Whatever lies between the line with "Гальмівний диск перед." and the end of the data, both included, must be copied exactly and without pictures.

EXCERPTED DATA –

:::::

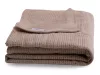 BabyMatex Kötött pamut takaró 75x100cm Sisi - bézs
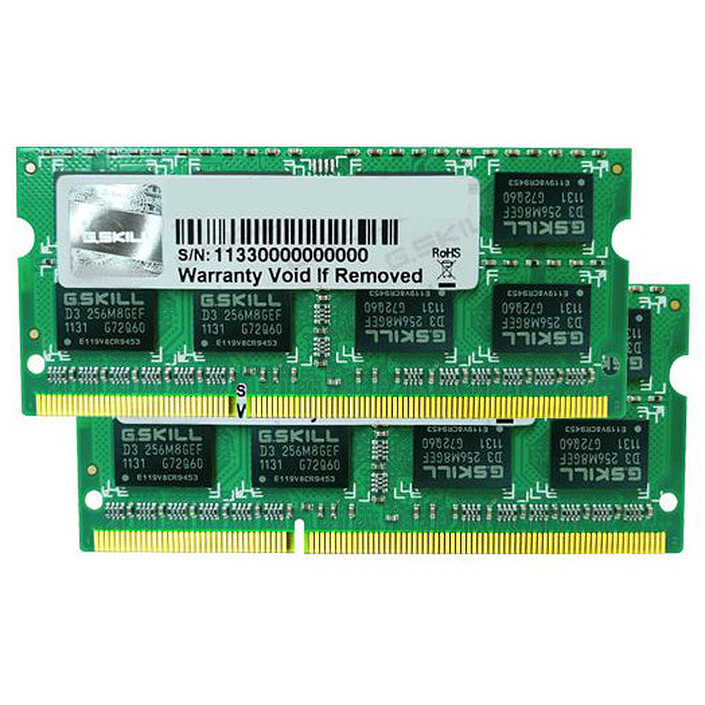G.Skill SODIMM 8GB (Kit 2x 4GB) DDR3 1333 MHz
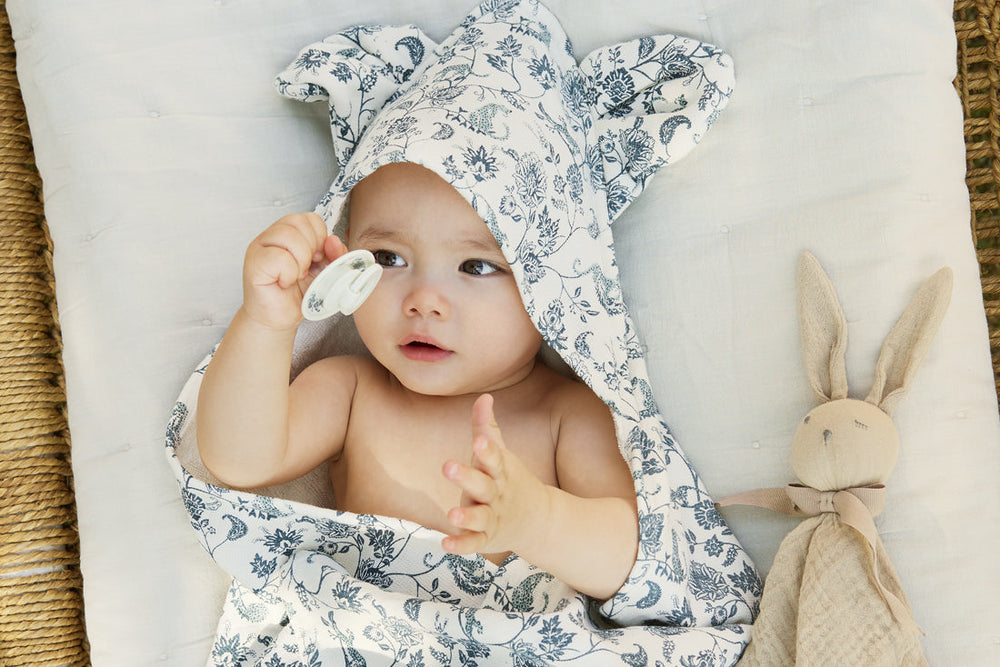 Serviette à capuche - Garden Leo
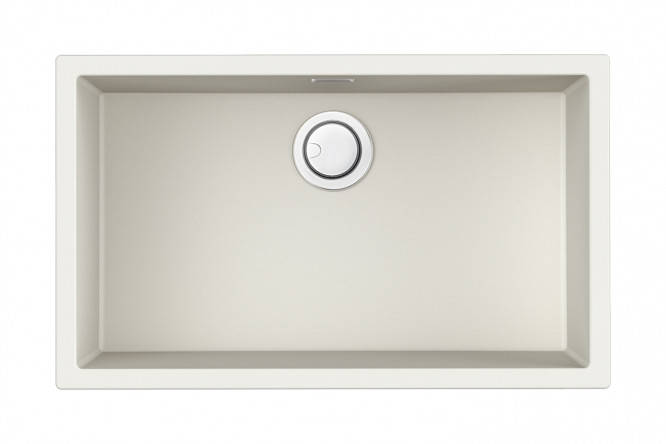 Изображение товара Мойка врезная OMOIKIRI Yamakawa 75-U/I-WH из искусственного гранита 75.6х45.6х20 см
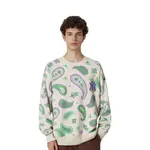 Свитшот Cashew Flower унисекс кремовый MLB - фото 10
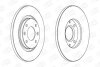 Гальмівний диск перед. Berlingo/Partner 96-02 (266x13) (невентильований) компл. 2шт CHAMPION 562044CH (фото 1)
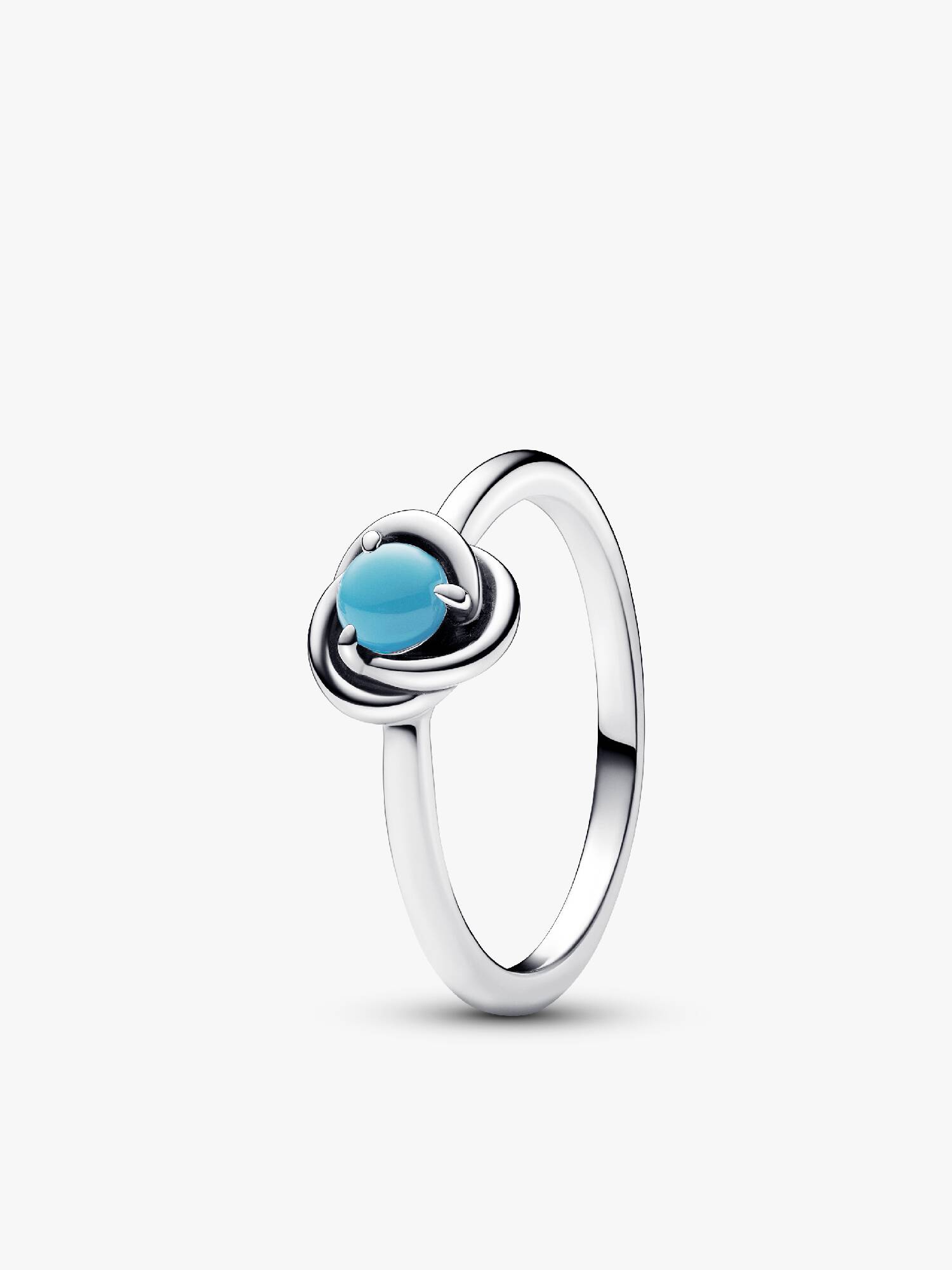 Turkisblå Evighedscirkel Ring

:::::

SOLUTION TO THE PROBLEM –
 Гальмівний диск перед. Berlingo/Partner 96-02 (266x13) (невентильований) компл. 2шт CHAMPION 562044CH (фото 1)
 Turkisblå Evighedscirkel Ring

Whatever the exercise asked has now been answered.